I can't believe I'm on "his side" on this issue! BUT, just because you bought a book for him......DOES NOT mean he has to read it! He's not a child.....& as an adult human - is not obligated to do what you want him to do. You are not his mother, you are not his employer.

Take a step back, look at your relationship......& where do my comments fit? His fibbing/lying is what a child tries with their parent.....& isn't that one of your complaints?

I understand your concerns, been thru this myself.....& with anniv #29 approaching later this year.....we certainly have been thru years of ups & downs, trials & tribulations, & lots of times when I just want to knock him out! BUT we work our way past these issues & find a new common ground.
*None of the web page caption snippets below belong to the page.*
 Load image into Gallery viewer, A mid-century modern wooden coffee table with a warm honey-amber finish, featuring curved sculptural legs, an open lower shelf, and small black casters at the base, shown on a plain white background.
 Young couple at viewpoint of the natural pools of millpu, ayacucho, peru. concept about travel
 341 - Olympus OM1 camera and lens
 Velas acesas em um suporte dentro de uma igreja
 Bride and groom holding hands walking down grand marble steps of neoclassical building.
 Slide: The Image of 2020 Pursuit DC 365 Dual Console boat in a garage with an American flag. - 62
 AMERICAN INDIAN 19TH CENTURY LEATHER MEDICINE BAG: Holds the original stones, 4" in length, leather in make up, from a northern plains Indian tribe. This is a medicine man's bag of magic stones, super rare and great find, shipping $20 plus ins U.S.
My husband is a diabetic heart patient. The meds result in ED which means we've had to adjust our love life. This is just one more "negotiation" in our lives.....we have approached this from different aspects & are working toward good solutions. & that's what a working marriage is: you each have to plan your path, converge, & then move on together. You do not have to "do" the same things to achieve a happier level in life. Sooo, maybe, let him chose his own path ......& then, just maybe, you will be able to achieve a happier life together! I wish you BOTH Peace.

J.B.

answers from Kansas City on

Is your husband normally a reader? I have gotten my husband books that I thought were important (this being one of them) but he never read them. It took me awhile to realize it wasn't that he thought it wasn't important, he's just not a reader. He's an auditory learner. I usually read before bed, so I would comment about what I was reading to him to get him to discuss things with me. And I would flat-out say, I know your love language is gifts, but mine is touch so please give me a hug when you come home from work and a kiss goodnight every day. He's better about it, but it's still something I have to ask him to do regularly. Hang in there! It will get better!